Mobile Experts: Intel still the RAN king

  • Intel retains the top market share in the RAN baseband market

  • Marvell is coming out with its own in-line 5G accelerators this year

  • There are still concerns among operators about using mMIMO with virtualized O-RAN

Intel continues its reign as the market share leader in the baseband semiconductor market, Mobile Experts said, beating out rivals like Marvell, AMD and Qualcomm. In addition to topping the list for 5G and other cellular base stations,the chipmaker also leads in the the virtualized radio and other sectors of market.

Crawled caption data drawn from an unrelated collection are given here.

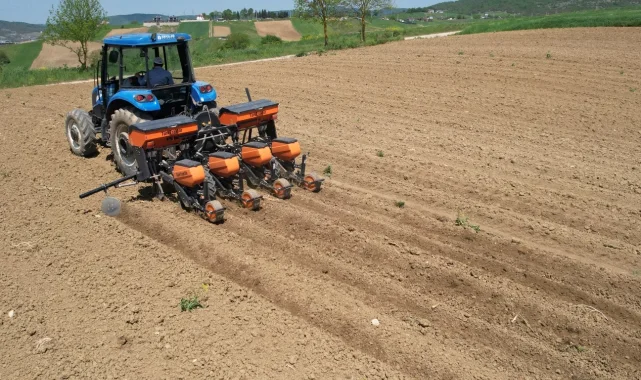 Kocaeli Büyükşehir'in desteğiyle ekim mesaisi başladı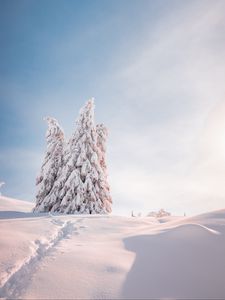 Preview wallpaper spruce, trees, snow, light, winter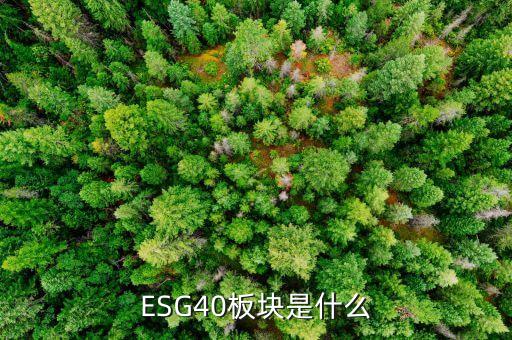 股票入選esg40是什么意思，ESG40板塊是什么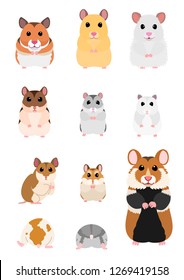 collection of hamster breeds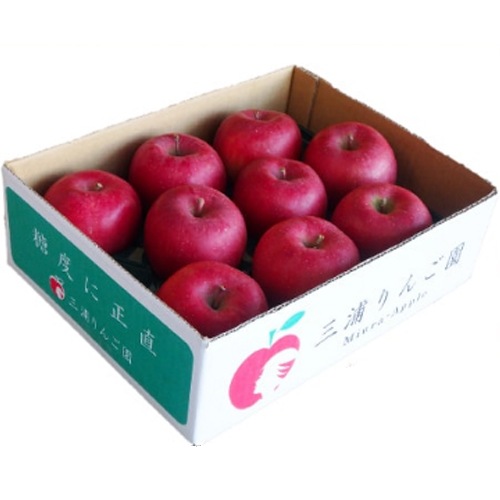 £ѡɽ쥷աĿʥΥȡ3kg11ܡ12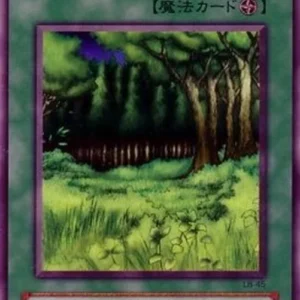 Yu-Gi-Oh! LB Forest
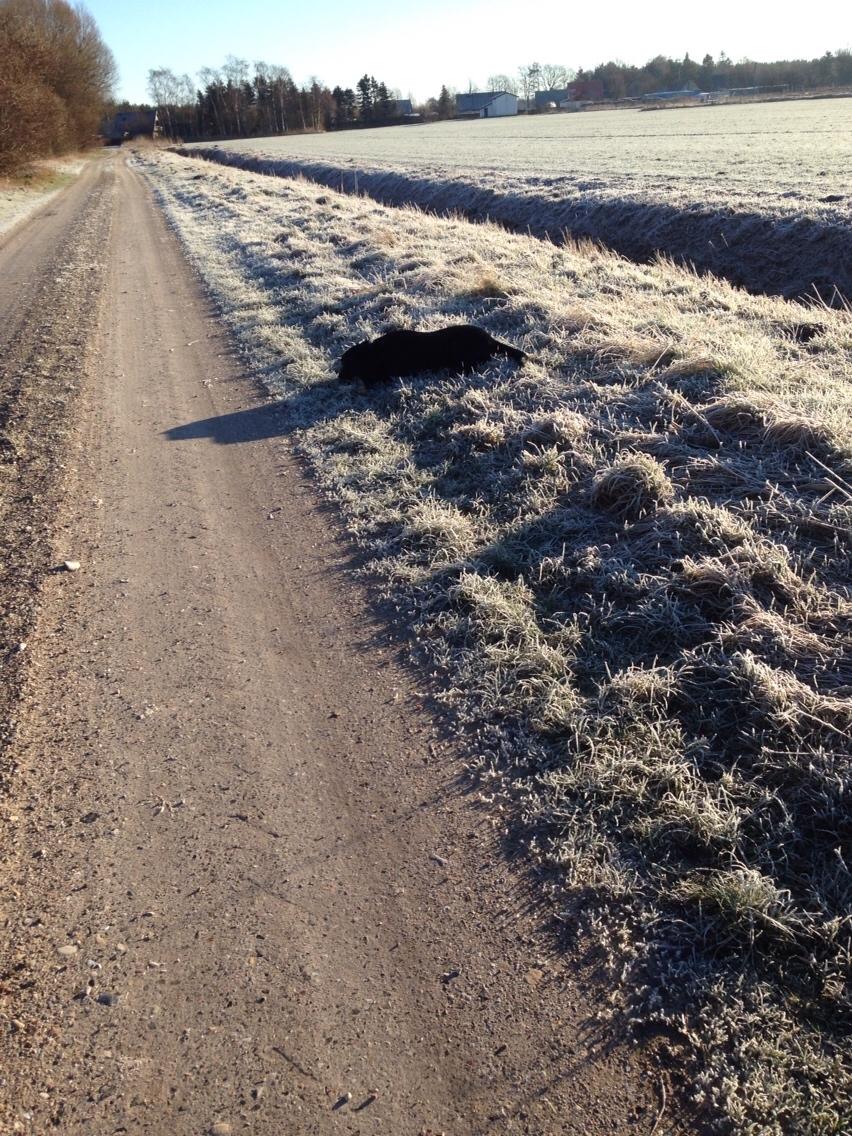 Labrador retriever Charlie billede 5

“Intel is the #1 supplier in our market share rankings because they provide Application Specific Integrated circuits (ASICs), Field Programmable Gate Arrays (FPGAs) and off the shelf Systems-on-Chips (SoCs),” said Mobile Experts Analyst Joe Madden in an email.

Many mobile network operators have already deployed virtualized radio access network (vRAN) networks using Intel Xeon chips. That includes Verizon, with tens of thousands of vRAN sites already deployed thanks to Samsung, as well as Rakuten, which is undertaking its own large open RAN deployment with Intel chips.

Intel is blazing a trial with vRAN with many FPGA-assisted Intel Xeon deployments with FlexRAN software out there already. These generally use third generation Xeon processors. The fourth generation Xeon launched last year with its integrated vRAN boost, and has been tested by Samsung but is not generally rolled out in commercial deployments yet.

Intel is not the only player, however, on the RAN scene. 

"Marvell also has major market share,” Madden noted. “We can say that Marvell has much higher share than AMD and Qualcomm.” he added.

This is currently silicon for single-vendor custom RAN hardware. Marvell has been vocal over the last year on its preference for in-line 5G RAN accelerators with some operators being interested in Marvell’s approach.

“Marvell is introducing some in-line acceleration this year to commercial service and it will save some power compared with the baseline system,” Madden stated.

Meanwhile, AMD and Qualcomm have some market share in the cellular baseband semiconductor world. Other vendors like Nvidia have just started to make their initial moves in the cellular baseband market, marketing it as a 6G (!) rather than a 5G push.

“Nvidia is just getting started...so I am not aware of anything in commercial service for them,” Madden noted.

There is still much debate over the virtualized and – particularly – use in heavy radio processing tasks such as massive Multi Input Multi Output (mMIMO) antenna arrays.

“ORAN does result in slightly lower capacity, making some operators view the dedicated solutions as a better choice for urban mMIMO cases. But ORAN is catching up!” Madden concluded.